With Kamara out – and primary backups Kendre Miller and Devin Neal on injured reserve – Hill breathed just enough life into the running game to complement Shough’s season-best passing game.
Hill, who had just 37 rushes for 72 yards coming in, led the way with 12 rushes for 42 yards, giving him the same number of yards and one fewer carry than the rest of New Orleans’ ball carriers combined.
Two of the yards came as an up-back in punt formation on a fourth-and-1 from the Saints’ 33, jump-starting a drive that ended with Charlie Smyth’s 36-yard field goal that gave the home team the lead for good, 9-6 late in the second quarter.
Then on the first play after the two-minute warning in the fourth quarter Hill went all Tyler Shough and threw a 38-yard touchdown pass to Chris Olave. That was the only pass of the day for Hill, who was 1-for-5 for 19 yards coming into the game.
But it was Hill’s pass receiving that produced the biggest milestone.
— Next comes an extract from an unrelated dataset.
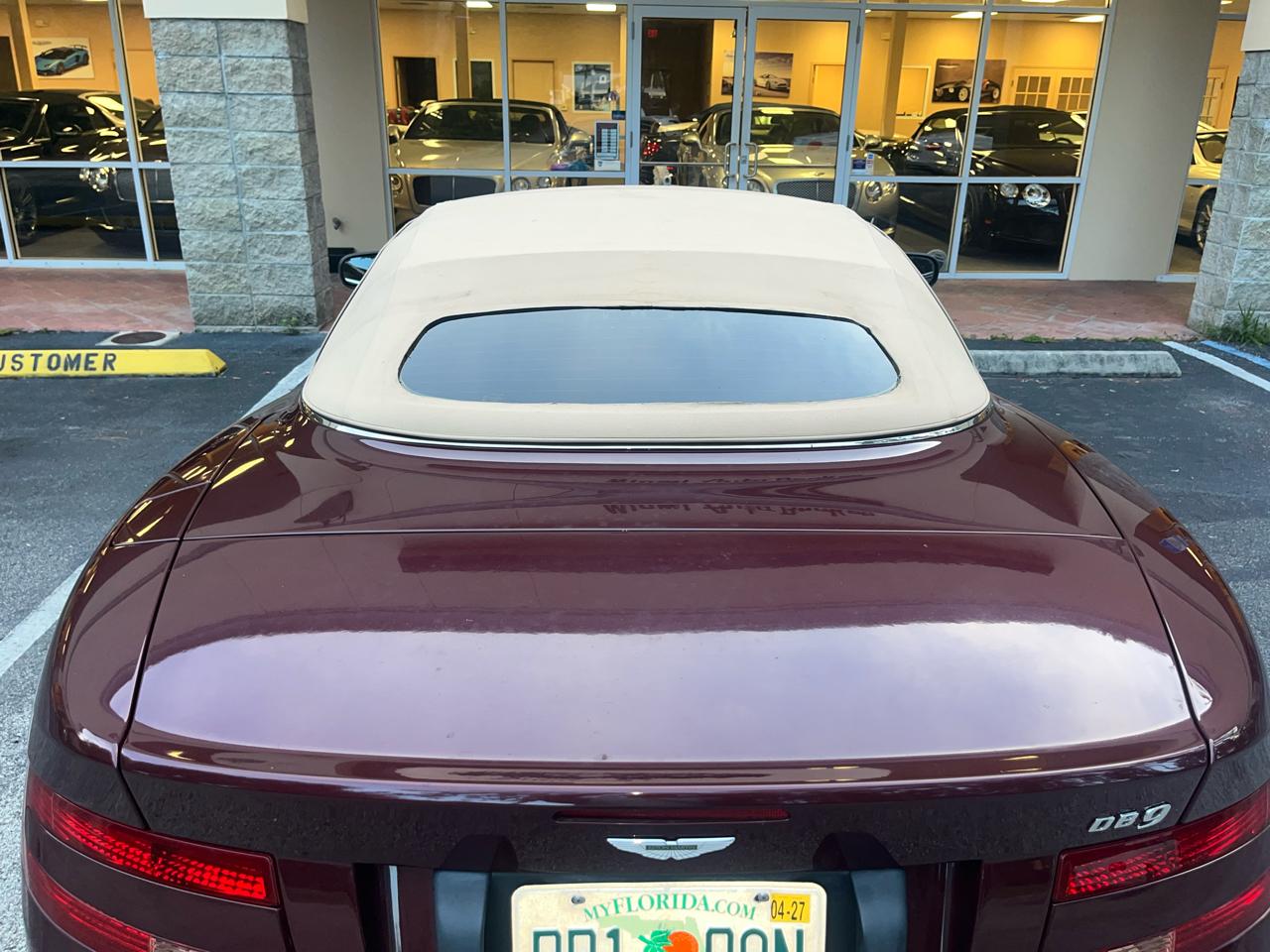 Aston Martin DB9 2dr Volante Auto 2007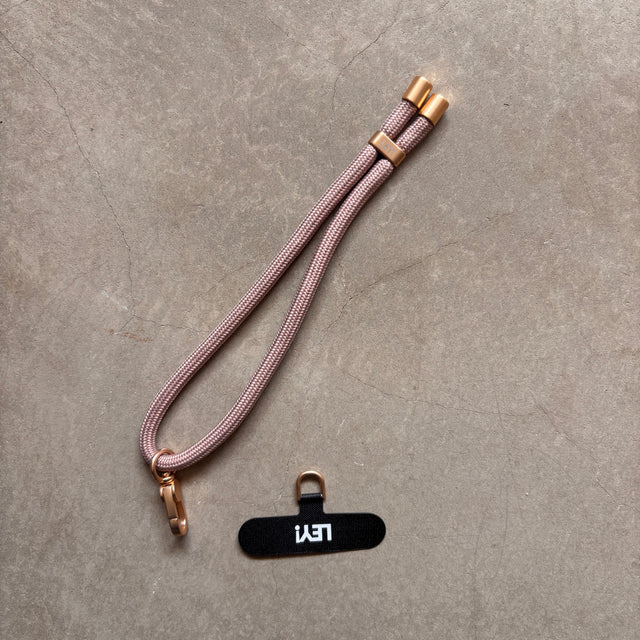 LEY! Schlüsselanhänger Flieder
He caught four passes for 36 yards (after having just four for 23 yards coming in), giving him 1,002 receiving yards for his career.
Adding that benchmark to his 2,388 passing yards and 2,545 rushing yards Hill became the first player in the Super Bowl era to have 1,000 yards passing, rushing and receiving in his career.
Whether he’ll run, pass or catch as a Saint next season is uncertain, but if Sunday’s performance was his last as a New Orleans player in New Orleans, it was a heck of an encore.
Unfortunately, Kamara wasn’t able to take any curtain calls. In addition to being the Saints’ all-time leading rusher, he also is the standard for touchdowns, yards from scrimmage and all-purpose yardage.
Whether Kamara, who will turn 31 just as NFL training camps are getting under way next summer and already is well past the normal tenure for running backs, continues his career in New Orleans or elsewhere remains to be seen.
Jordan, Davis, Kamara and Hill didn’t get to New Orleans until after the Saints’ only Super Bowl season. Jordan arrived in 2015 in the middle of a three-year stretch of 7-9 seasons that marked the nadir of former coach Sean Payton’s historic tenure.
It was Payton who watched Kamara work out as a draft prospect at the University of Tennessee and saw something special, something that wasn’t so clear to the rest of the NFL and stole him in the third round of the 2017 draft.
Just days before Kamara’s rookie season was to begin the Saints put in a waiver claim for a largely unknown and undrafted quarterback in Hill because Payton saw a skill set that cried out for the creation of a new role to fit a distinctive player.
The Saints won the NFC South in Kamara and Hill’s first season, and after that season, Davis came over as a free agent from the Jets and joined Jordan on the defense.
And New Orleans won the second of four consecutive division titles, reaching the cusp of another Super Bowl in the 2018 season.
It’s unlikely any of these four players will ever play in a Super Bowl with the Saints. But first-year head coach Kellen Moore is building a program that perhaps will wind up in a Super Bowl in the not-too-distant future.
If and when that day comes, the Saints, who have emerged from a 1-8 start to this season to become a respectable team on the rise, might look back and appreciate the impact that Jordan, Davis, Kamara and Hill had in shepherding a rookie head coach and a largely young, rebuilt roster through the difficult early days of a renaissance.